Spatial evaluation of flood susceptibility on a national scale across Ghana using a fuzzy analytic hierarchy process and evidential belief function: an ensemble approach

Abstract

Insights conveyed by flood susceptibility maps are critical to lessen the devastating impacts of floods. This research seeks to create an ensemble modeling method using a fuzzy analytic hierarchy process (FAHP) and evidential belief function (EBF) for flood susceptibility classification. The proposed FAHP-EBF method has scarcely been utilized in flood susceptibility mapping, particularly for national-scale assessments. Therefore, through multicollinearity diagnostics, a host of conditioning parameters including elevation, slope, flow accumulation, curvature (plan), distance to rivers, aspect, topographic wetness index, rainfall, and land use/land cover were employed for investigation across Ghana.

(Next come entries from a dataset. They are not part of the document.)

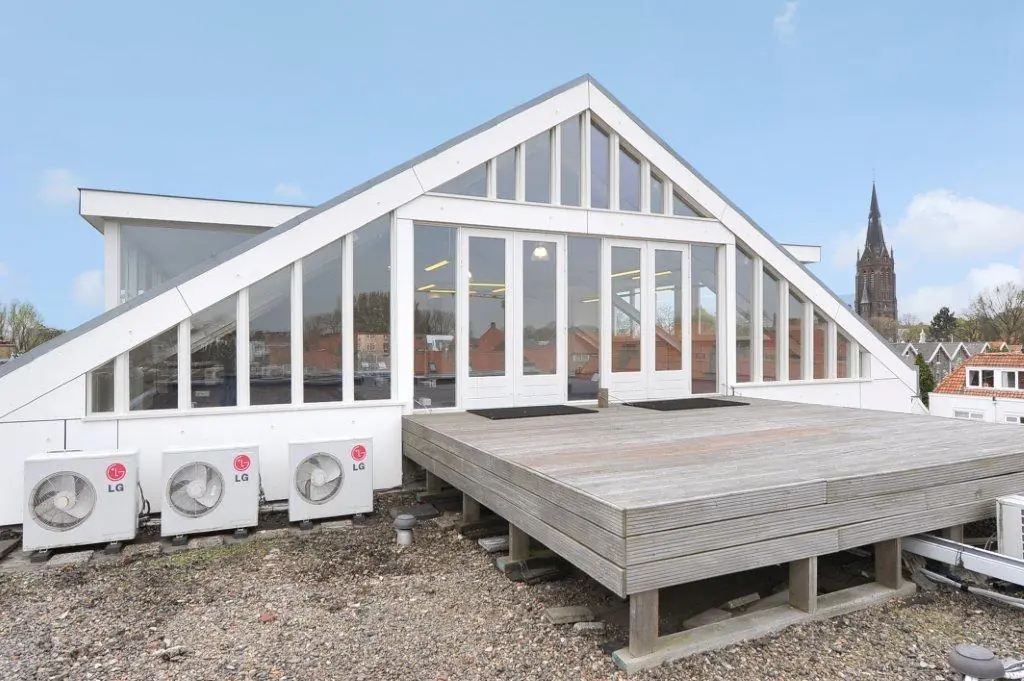 Modern rooftop structure with triangular glass facade and wooden terrace at Oosteinde, featuring air conditioning units and a church tower in the background.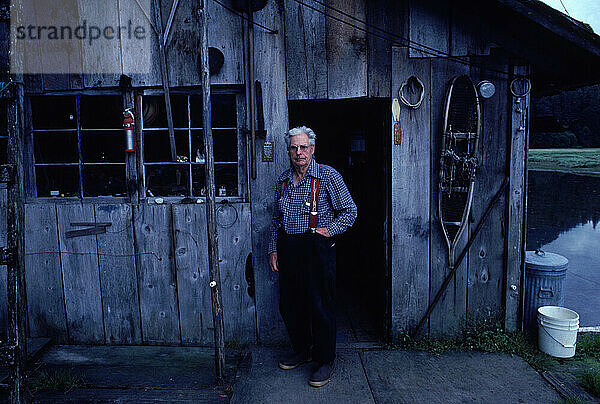 A man standing in front of his cabin  Alaska  USA.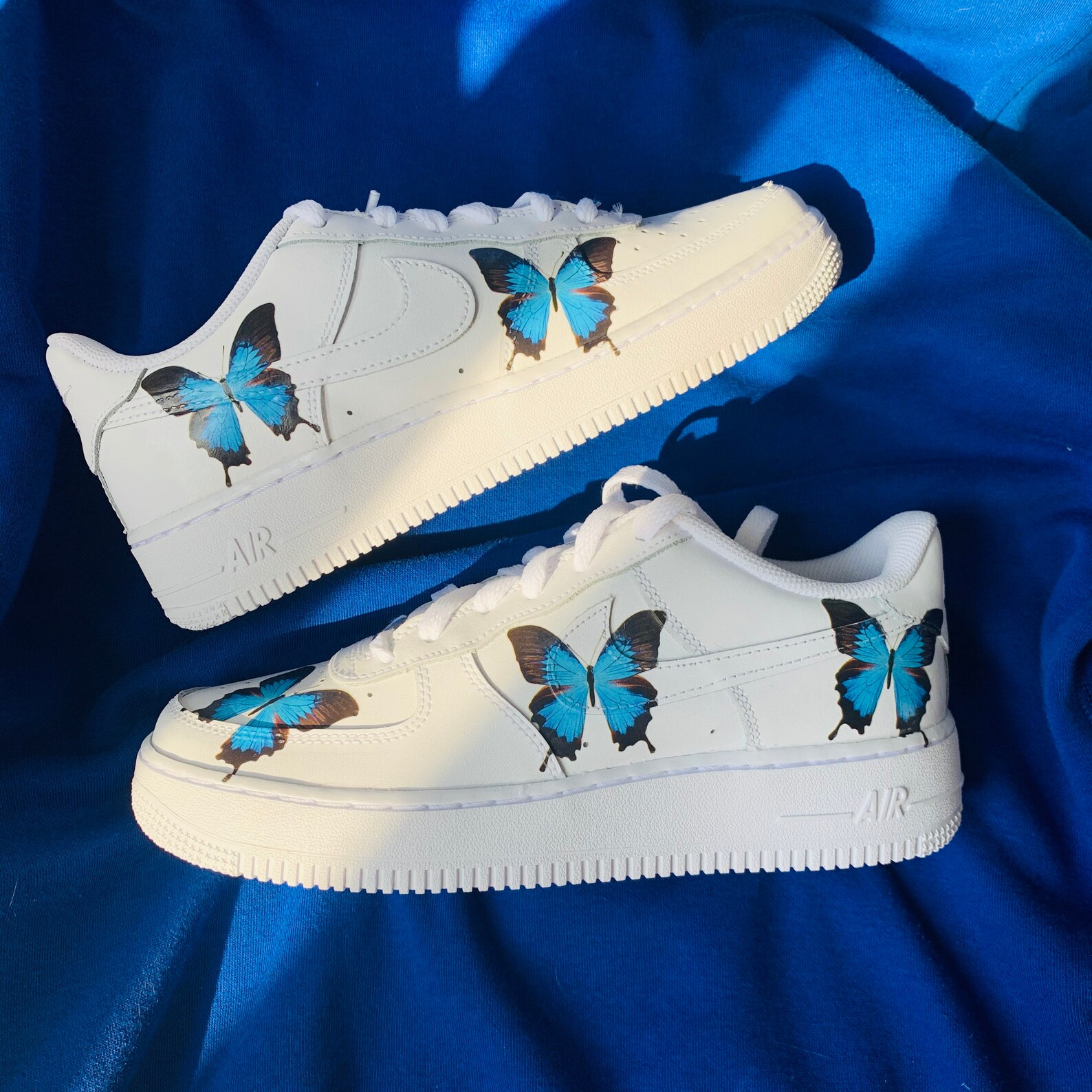 black air forces with butterflies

Furthermore, flood inventory data, essential for building and validating models, were generated using a modified normalized difference water index. Results indicate that a significant share (43.3%) of Ghana’s land is within a low flood susceptibility zone. Additionally, approximately 5%, 10%, 16%, and 26% of the country fall within a very high, high, moderate, and very low susceptibility category, respectively. Areas that are extremely prone to floods include the southwestern part, sections along the coast, and lands along major rivers. In terms of geographical distribution, the Western, Central, Western North, and Savannah regions had greater percentages of land exposed in extremely high areas. The map’s accuracy value of 0.848 based on the area under the curve demonstrated a very good performance. The finalized susceptibility map provides flood management authorities with a blueprint for forecasting and planning interventions in highly susceptible zones and regions.